المفاهيم الأساسية
A two-stage framework that leverages position-based imitation data and decaying action priors to accelerate the training of torque-based legged locomotion policies, enabling consistent convergence to high-quality gaits.
الملخص
The paper proposes a two-stage framework for training torque-based legged locomotion policies:
Position Policy Training:
The authors first train a position-based policy to acquire imitation data, eliminating the need for expert knowledge to design optimal controllers.
The tracked joint angles from the position policy's simulation are used as the imitation data.
Decaying Action Priors (DecAP):
In the second stage, the authors incorporate decaying action priors to enhance the exploration of torque-based policies.

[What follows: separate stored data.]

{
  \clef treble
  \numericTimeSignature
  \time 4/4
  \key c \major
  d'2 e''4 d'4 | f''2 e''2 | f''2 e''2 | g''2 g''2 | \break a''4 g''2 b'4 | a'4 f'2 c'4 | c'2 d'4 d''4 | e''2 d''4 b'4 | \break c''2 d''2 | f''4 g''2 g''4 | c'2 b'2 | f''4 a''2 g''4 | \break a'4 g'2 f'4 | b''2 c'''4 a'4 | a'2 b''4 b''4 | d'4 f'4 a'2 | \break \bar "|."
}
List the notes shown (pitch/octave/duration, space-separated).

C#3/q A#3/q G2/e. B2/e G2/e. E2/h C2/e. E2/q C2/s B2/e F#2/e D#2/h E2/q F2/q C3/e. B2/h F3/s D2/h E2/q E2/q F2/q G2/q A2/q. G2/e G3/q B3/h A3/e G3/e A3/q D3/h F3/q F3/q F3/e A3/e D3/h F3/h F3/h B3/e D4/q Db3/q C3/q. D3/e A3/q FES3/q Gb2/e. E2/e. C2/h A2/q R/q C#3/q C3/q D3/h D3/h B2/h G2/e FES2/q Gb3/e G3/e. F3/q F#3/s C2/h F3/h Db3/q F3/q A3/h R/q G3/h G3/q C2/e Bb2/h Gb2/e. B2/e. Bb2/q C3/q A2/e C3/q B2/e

A PID controller is used to translate the reference imitation angles into torque values, which are then integrated into the torque-based policy's actions with a gradual time-decay factor.

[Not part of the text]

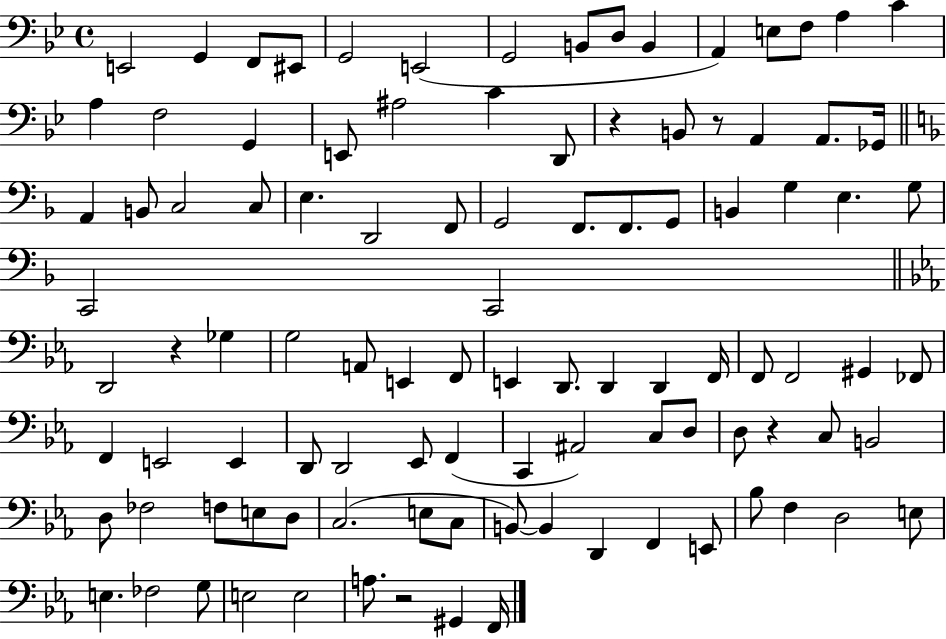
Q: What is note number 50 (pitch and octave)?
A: E2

This provides an initial bias to guide the policy's exploration in the torque space, helping it converge to natural gaits.
The results show that the DecAP approach significantly accelerates learning in the torque space, enabling different types of robots to complete the velocity tracking task within 25 minutes of wall-clock time. DecAP consistently outperforms imitation-based approaches and demonstrates the advantages of torque as an action space by comparing a position-based policy to a position-assisted torque-based policy on a quadruped robot.
الإحصائيات
The paper does not provide any specific numerical data or statistics to extract. The key results are presented in the form of figures and qualitative comparisons.
اقتباسات
The paper does not contain any striking quotes that support the key logics.